But real-time predictive analytics plays an increasing role, according to How Predictive Analytics Is Transforming eCommerce & Conversion Rate Optimization. The author – Peep Laja – seems fond of Lattice, writing that,

Lattice has researched how leading companies like Amazon & Netflix are using predictive analytics to better understand customer behavior, in order to develop a solution that helps sales professionals better qualify their leads.

Laja also notes impressive success stories, such as Macy’s – which clocked an 8 to 12 percent increase in online sales by combining browsing behavior within product categories and sending targeted emails by customer segment.

Google and Bandit Testing

I find the techniques associated with A/B or Bandit testing fascinating.

Google is at the forefront of this – the experimental testing of webpage design and construction.

Let me recommend readers directly to Google Analytics – the discussion headed by Overview of Content Experiments.

What is Bandit Testing?

Well, the Google presentation Multi-armed Bandits is really clear.

This is a fun topic.

So suppose you have a row of slot machine (“one-armed bandits”) and you know each machine has different probabilities and size of payouts. How do you decide which machine to favor, after a period of experimentation?

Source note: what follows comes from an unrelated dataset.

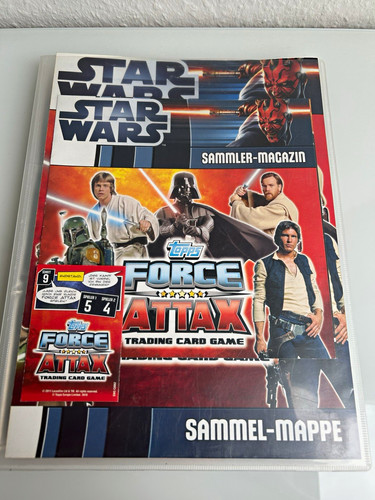 Topps force attax - attax, star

This is the multi-armed bandit or simply bandit problem, and is mathematically very difficult.

[The bandit problem] was formulated during the [second world] war, and efforts to solve it so sapped the energies and minds of Allied analysts that the suggestion was made that the problem be dropped over Germany, as the ultimate instrument of intellectual sabotage.

The Google discussion illustrates a Bayesian algorithm with simulations, showing that updating the probabilities and flow of traffic to what appear to be the most attractive web pages results, typically, in more rapid solutions that classical statistical experiments (generally known as A/B testing after “showroom A” and “showroom B”).

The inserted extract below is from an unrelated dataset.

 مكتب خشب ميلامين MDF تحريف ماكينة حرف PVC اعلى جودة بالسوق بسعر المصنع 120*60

Suppose you’ve got a conversion rate of 4% on your site. You experiment with a new version of the site that actually generates conversions 5% of the time. You don’t know the true conversion rates of course, which is why you’re experimenting, but let’s suppose you’d like your experiment to be able to detect a 5% conversion rate as statistically significant with 95% probability. A standard power calculation1 tells you that you need 22,330 observations (11,165 in each arm) to have a 95% chance of detecting a .04 to .05 shift in conversion rates. Suppose you get 100 sessions per day to the experiment, so the experiment will take 223 days to complete. In a standard experiment you wait 223 days, run the hypothesis test, and get your answer.

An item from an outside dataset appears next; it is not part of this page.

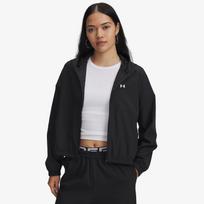 Under Armour Rival Woven Jkt HD Black - Dydis XL (6004849-005 Striukės)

Now let’s manage the 100 sessions each day through the multi-armed bandit. On the first day about 50 sessions are assigned to each arm, and we look at the results. We use Bayes’ theorem to compute the probability that the variation is better than the original2. One minus this number is the probability that the original is better. Let’s suppose the original got really lucky on the first day, and it appears to have a 70% chance of being superior. Then we assign it 70% of the traffic on the second day, and the variation gets 30%. At the end of the second day we accumulate all the traffic we’ve seen so far (over both days), and recompute the probability that each arm is best. That gives us the serving weights for day 3. We repeat this process until a set of stopping rules has been satisfied (we’ll say more about stopping rules below).

Figure 1 shows a simulation of what can happen with this setup. In it, you can see the serving weights for the original (the black line) and the variation (the red dotted line), essentially alternating back and forth until the variation eventually crosses the line of 95% confidence. (The two percentages must add to 100%, so when one goes up the other goes down). The experiment finished in 66 days, so it saved you 157 days of testing.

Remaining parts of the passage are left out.